Applying config takes forever when perfdata stored on NetApp

This support forum board is for support questions relating to Nagios XI, our flagship commercial network monitoring solution.
Locked
krutaw
Posts: 60
Joined: Wed Jul 31, 2013 6:30 pm

Applying config takes forever when perfdata stored on NetApp

Post by krutaw »

My setup is a little bit odd because I have a NetApp that I want to use to expose an NFS mount that is shared between multiple servers to store the perfdata without risking losing that valuable intellectual property in the event of a Nagios server failure.
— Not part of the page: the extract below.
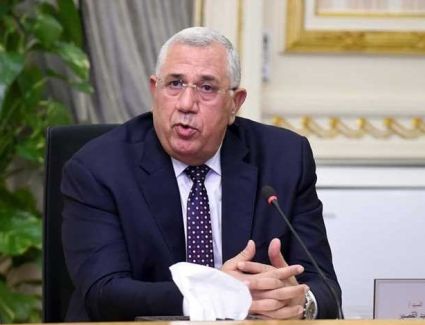بقيمة 77 مليون دولار.. وزير الزراعة:  الإفراج عن 172 ألف طن اعلاف"الذرة والصويا' 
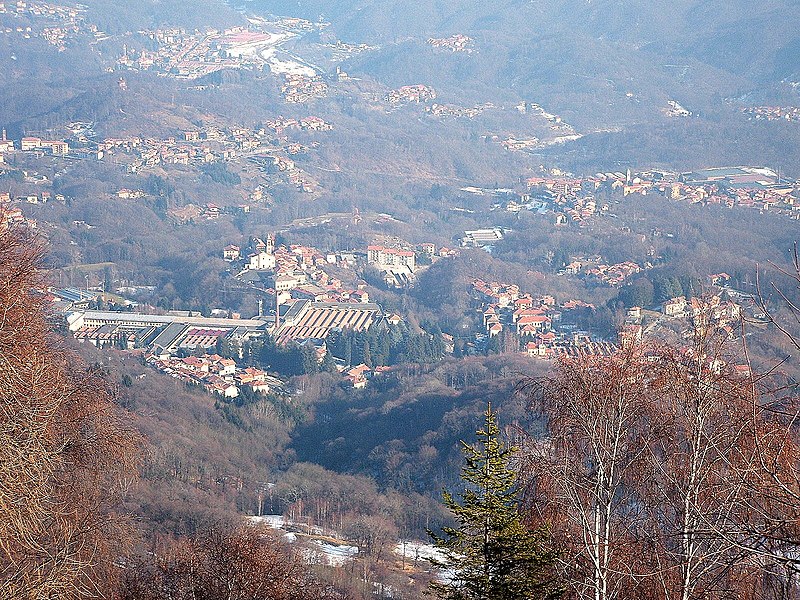 File:Biella-Trivero da Bielmonte.jpg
When you do a stock install of Nagios XI and shift the performance data over to an NFS volume on a NetApp, odds are good you'll start seeing exorbitant times when applying configuration.

The reason why this happens is because part of the scripting that executes attempts to change ownership on the nagios controlled directories (which includes the perfdata folder.) By default (at least here), NetApp volumes have SnapMirroring turned on, which exposes a folder named ".snapshot" in each folder in the volume to keep track of changes as they happen. This is great if you end up corrupting a file and need to roll back, but darn annoying if you're having to wait forever when applying configuration.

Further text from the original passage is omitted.